Omit any picture, and return the remaining data exactly as written.

Data:
····················

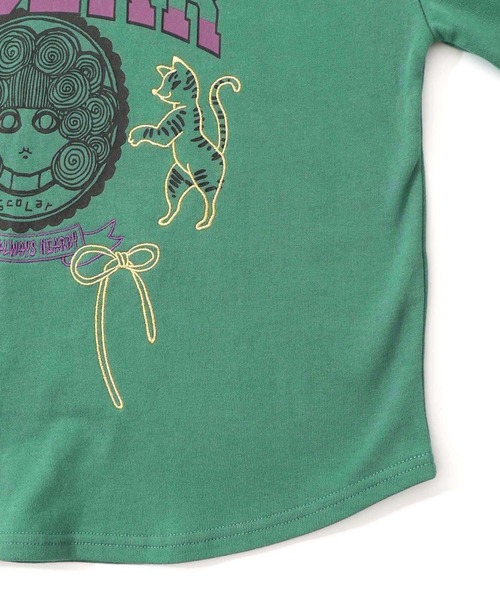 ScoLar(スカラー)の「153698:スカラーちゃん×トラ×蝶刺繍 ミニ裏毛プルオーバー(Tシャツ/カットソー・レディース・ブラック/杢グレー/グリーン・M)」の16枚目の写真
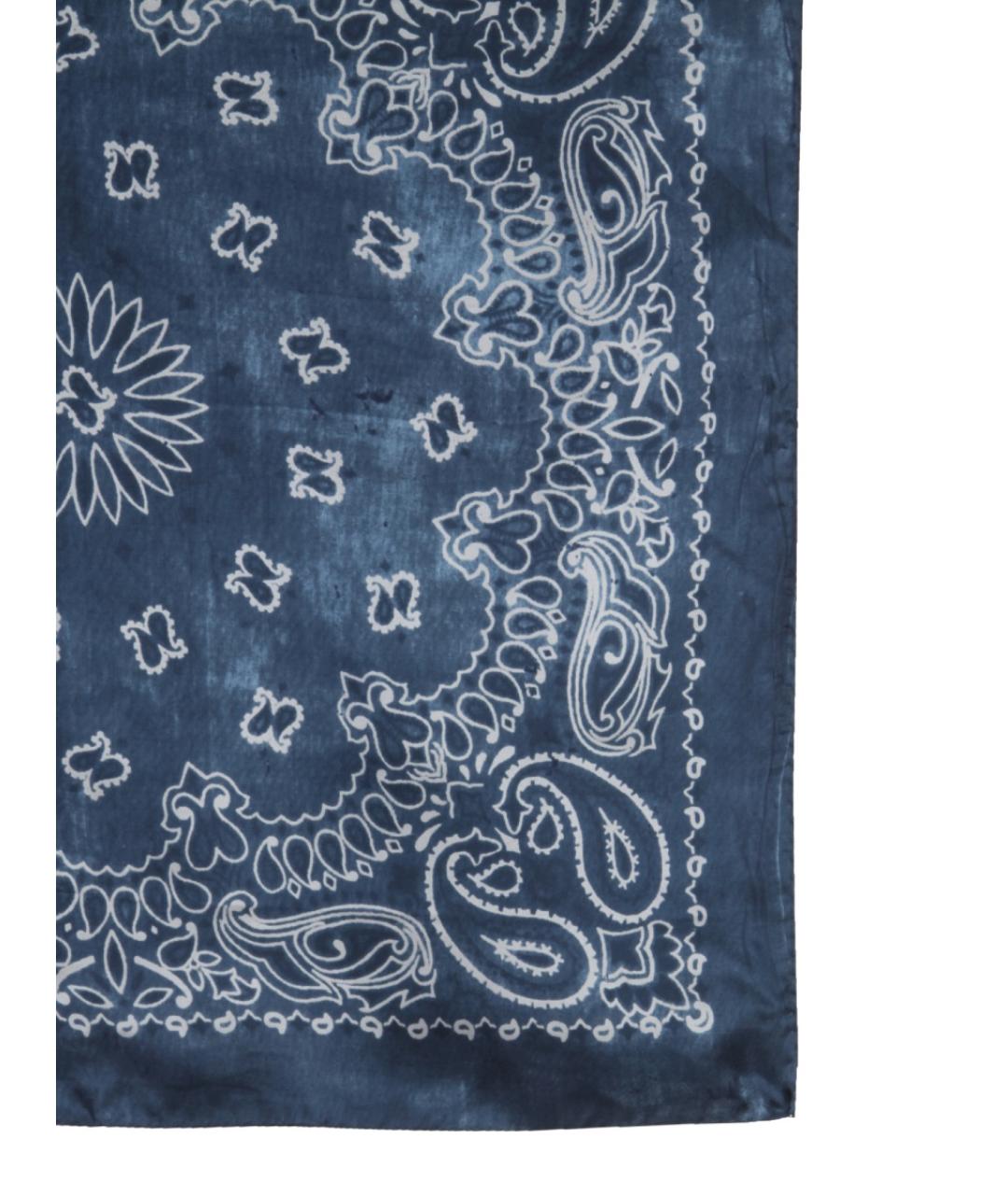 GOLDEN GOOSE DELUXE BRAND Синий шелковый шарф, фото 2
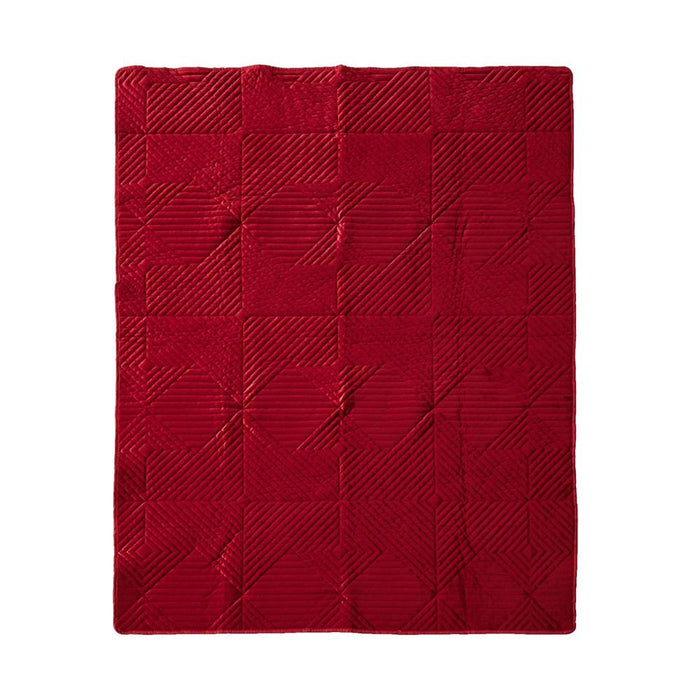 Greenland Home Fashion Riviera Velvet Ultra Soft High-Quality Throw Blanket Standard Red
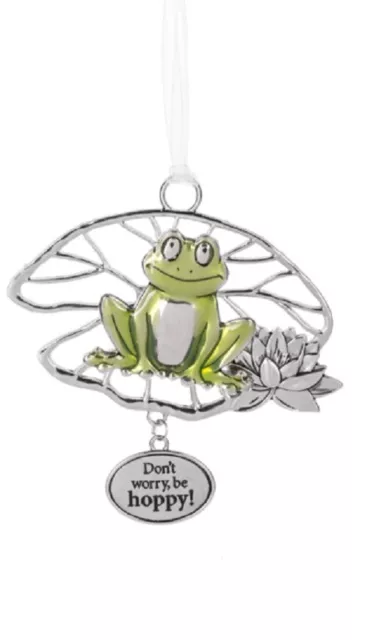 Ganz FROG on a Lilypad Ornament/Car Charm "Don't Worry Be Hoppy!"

····················

Task response:
 ScoLar(スカラー)の「153698:スカラーちゃん×トラ×蝶刺繍 ミニ裏毛プルオーバー(Tシャツ/カットソー・レディース・ブラック/杢グレー/グリーン・M)」の16枚目の写真
 GOLDEN GOOSE DELUXE BRAND Синий шелковый шарф, фото 2
 Greenland Home Fashion Riviera Velvet Ultra Soft High-Quality Throw Blanket Standard Red
 Ganz FROG on a Lilypad Ornament/Car Charm "Don't Worry Be Hoppy!"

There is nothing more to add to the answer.